The mystery gets even more profound when you include dark energy. Combined our universe is made up of 27% dark matter, 68% dark energy and only 5% ordinary matter. Give this astonishing fact some time to sink in…All that we know about the world around us is derived from this tiny, 5% fraction of the total mass-energy of the universe.
Back to the present day: researchers from the Johns Hopkins University are trying to figure out the origin of dark matter. In their recently published study, they postulated a new idea about how dark matter was born. Amazingly their research suggests that dark matter may have existed before the Big Bang!
The way the universe look now is derived from its origins billions of years ago. According to researchers dark matter are a key component behind the existence of galaxies (without it they would fly apart) - Image Credits: NASA/WMAP Science Team
According to Tommi Tenkanen (the study’s author), the research revealed a new connection between particle physics and astronomy. It might be that dark matter consists of a type of particle that has existed before the big bang. These particles explain the extraordinary way in which galaxies are distributed throughout the cosmos right now.
In addition, mister Tenkanen explained that this newly discovered connection might be used to explore conditions about the times before the Big Bang. Up until now, researchers believed that dark matter had to be a leftover substance from the Big Bang. However, experimental searches thus far have been unable to find said substance.

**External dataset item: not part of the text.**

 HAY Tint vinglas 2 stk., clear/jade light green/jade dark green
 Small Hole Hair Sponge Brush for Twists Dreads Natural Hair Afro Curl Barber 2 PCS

The Johns Hopkins study shows by use of a new and straightforward mathematical framework that dark matter might have been produced before the big bang. According to this framework, that production must have taken place during the era of cosmic inflation. The rapid expansion during this time period has also been linked to the production of scalar particles.

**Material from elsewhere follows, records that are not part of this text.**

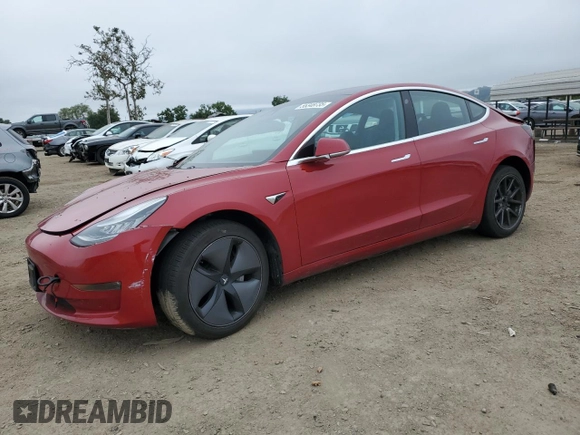 2018 Tesla Model 3 Long Range Battery with VIN 5YJ3E1EA5JF153966, listed as a Copart auction lot 55348735 with 38,755 mi miles and Salvage Title. Bid and sale history available at DreamBid. Image 1.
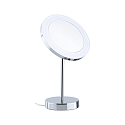 Paulmann Spiegel met verlichting MASUA IP44 - 3X ZOOM 3-voudig, rond, CCT Switch, met stekker, instelbaar IP44 / IP20, chroom 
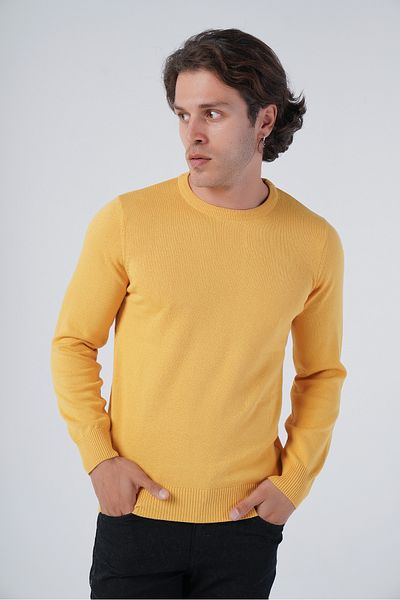 Trist Star Men's Yellow 100% Cotton Crew Neck Knitwear Sweater Trist-1101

As of today only one of these potential scalar particles has actually been discovered, the Higgs Boson. Tenkamen continues in stating that we still do not know what dark matter is but that if it has anything to do with scalar particles, it may be older than the Big Bang itself.
The submergence of dark matter before the event of the big bang is in itself not a new idea. However the idea has never been supported by a mathematical framework, this study creates that calculation. Tenkanen commented that scientists have been overlooking the simplest possible mathematical scenario for the origin of Dark Matter.
Although not entirely analog to the philosophical principle behind Occam’s razor which states that the explanation for a phenomenon with the least amount of speculation is usually the best. In mathematics, scientists search for elegance and simplicity. This new mathematical model at least gives us a simple and more elegant potential solution for the mystery behind the origin of dark matter.